Required action = Transcribe each entry exactly; skip the images.

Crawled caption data
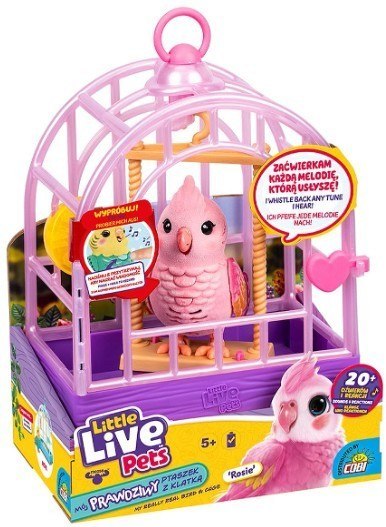 Figurka interaktywna Little Live Pets - Mój prawdziwy ptaszek różowy Cobi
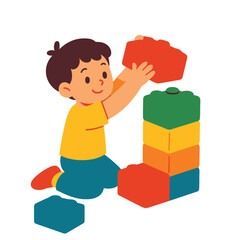 Naklejka premium Child playing with oversized lego bricks, flat cartoon vector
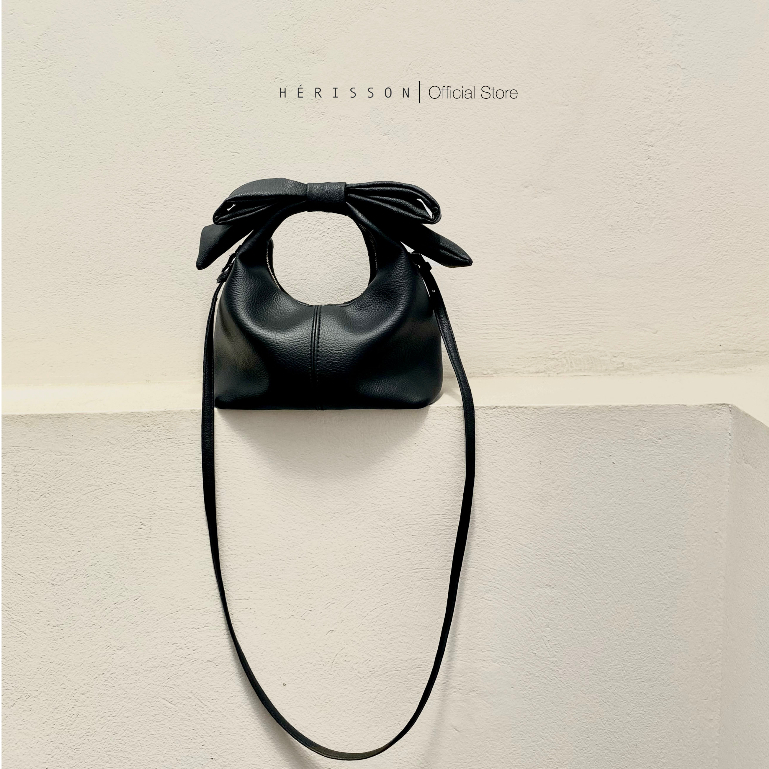 𝐅𝐔𝐋𝐋𝐒𝐄𝐓 Túi Chow bag Hérisson màu đen + nơ + quai dài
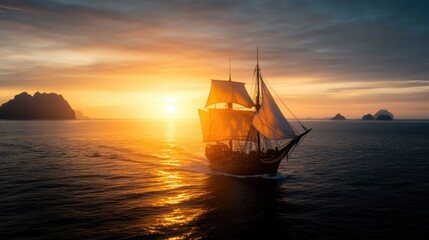 A sailing ship gracefully navigates the open ocean towards a vibrant golden sunset, encapsulating the spirit of adventure and timeless exploration.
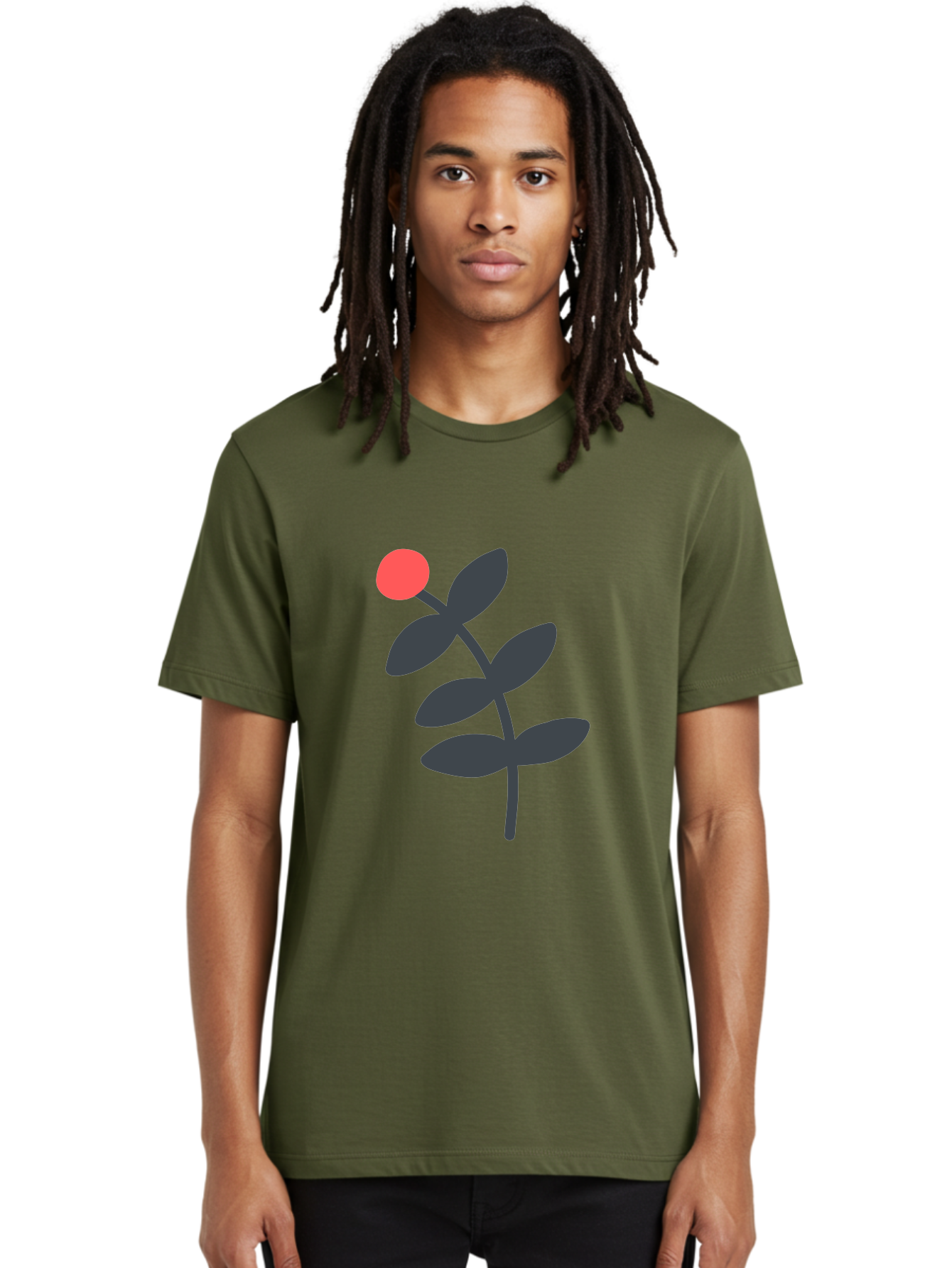 Dark-Purple-Leaves-With-Red-Berry Men'S Graphic Tee, 100% Cotton, Comfortable Casual Summer Wear, Machine Washable, Red Berry, Dark Leaves, Simple Graphic, Minimalist Design, Floral Illustration, Botanical Art, Modern Style, Bold Colors Aab689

Written response =
 Figurka interaktywna Little Live Pets - Mój prawdziwy ptaszek różowy Cobi
 Naklejka premium Child playing with oversized lego bricks, flat cartoon vector
 𝐅𝐔𝐋𝐋𝐒𝐄𝐓 Túi Chow bag Hérisson màu đen + nơ + quai dài
 A sailing ship gracefully navigates the open ocean towards a vibrant golden sunset, encapsulating the spirit of adventure and timeless exploration.
 Dark-Purple-Leaves-With-Red-Berry Men'S Graphic Tee, 100% Cotton, Comfortable Casual Summer Wear, Machine Washable, Red Berry, Dark Leaves, Simple Graphic, Minimalist Design, Floral Illustration, Botanical Art, Modern Style, Bold Colors Aab689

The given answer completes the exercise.